Just got this working,think it's a welcome addition to XBox Live.

Exploring the content now,already found stuff i like....and it's all free !


----------



## mwgdrwg (Nov 18, 2009)

Wish it would play in the background....but still cool, especially the gaming soundtracks and 8-bit channels


----------



## Sesquipedalian (Nov 18, 2009)

mwgdrwg said:


> Wish it would play in the background....*but still cool*, especially the gaming soundtracks and 8-bit channels



Indeed.
Was not going to bother after disappointment with the SkyPlayer.
(Come on Microsoft give us the BBC IPlayer !)

This however is fantastic,huge amount of content.

I'm going to be using this a lot !


----------



## Kid_Eternity (Nov 18, 2009)

Not tried this but Twitter and Facebook work a great deal better than I expected...


----------



## tommers (Nov 18, 2009)

haven't been on live for ages... wha gwan?


----------



## dlx1 (Nov 18, 2009)

> Just got this working,think it's a welcome addition to XBox
> Live.



does it take much to setup ? iPlayer would be a good addition to XBox


----------



## Kid_Eternity (Nov 18, 2009)

dlx1 said:


> does it take much to setup ? iPlayer would be a good addition to XBox



HD iPlayer would be an excellent addition to the Xbox.


----------



## Sesquipedalian (Nov 18, 2009)

dlx1 said:


> *does it take much to setup ?* iPlayer would be a good addition to XBox



No,it's really easy.
Download the software (small file.)
Just add a Username and email address.

Could not log onto it via Xbox yesterday but did it this morning.
5 mins work and it's excellent.


----------



## Echo Base (Nov 22, 2009)

Has anyone tried the Zune thing? I cant get it to work, I get some weird message about  a secure connection between monitor and XBox.


----------



## Kid_Eternity (Nov 22, 2009)

tommers said:


> haven't been on live for ages... wha gwan?

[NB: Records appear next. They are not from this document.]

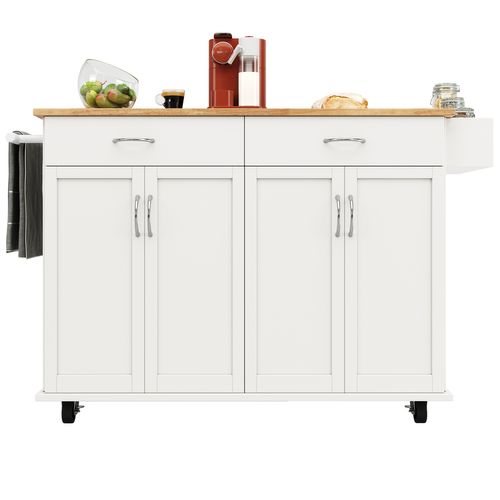 Buffet 106×50×90,5 Cm, Meuble De Cuisine Moderne Avec Espace De Rangement, Sur Roulettes, Blanc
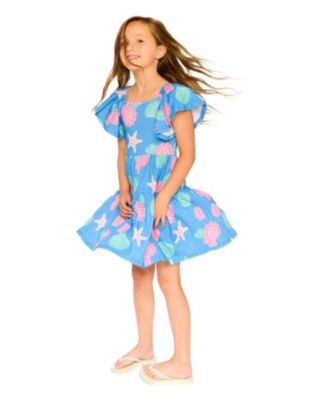  Girls' Short Sleeve Crinkle Jersey Shell Dress - Big Kid
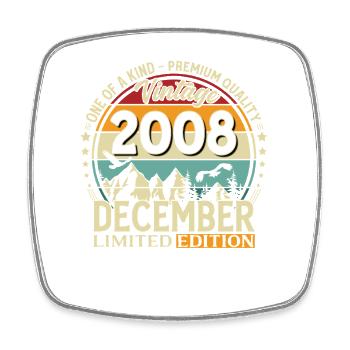 17th Birthday Vintage December Vintage 2008 - Square fridge magnet - white - Front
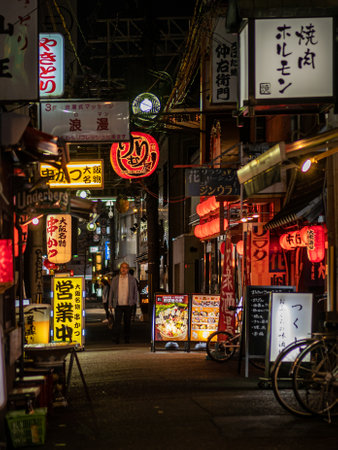 OSAKA, JAPAN - APRIL, 25 2019: Night streets of Dotonbori street in Osaka, Japanのeditorial素材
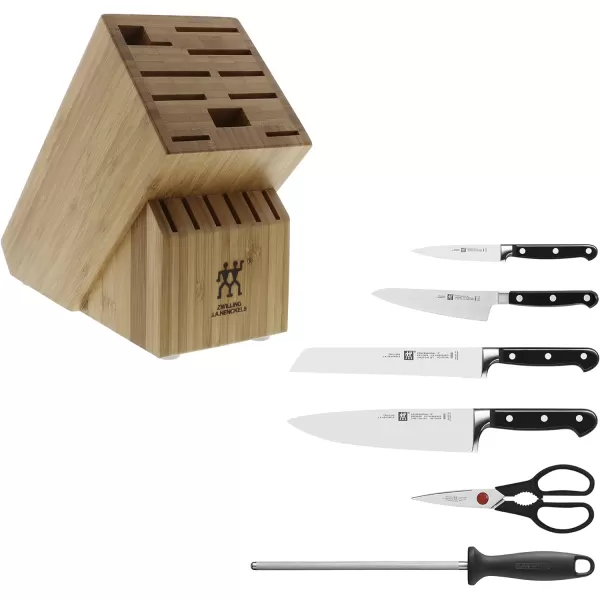 ZWILLING Professional S 7-Piece Razor-Sharp German Block Knife Set With Solid White Rubberwood Block, Made in Company-Owned German Factory with Special Formula Steel perfected for almost 300 Years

Facebook, Twitter have arrived, it's got a very nice Halo aggregator called Waypoint. Urbanites are killing on MW2 every weekend together, and the new left4dead is out.



Echo Base said:


> Has anyone tried the Zune thing? I cant get it to work, I get some weird message about  a secure connection between monitor and XBox.



It's basically the video marketplace with zune branding as far as I can tell...


----------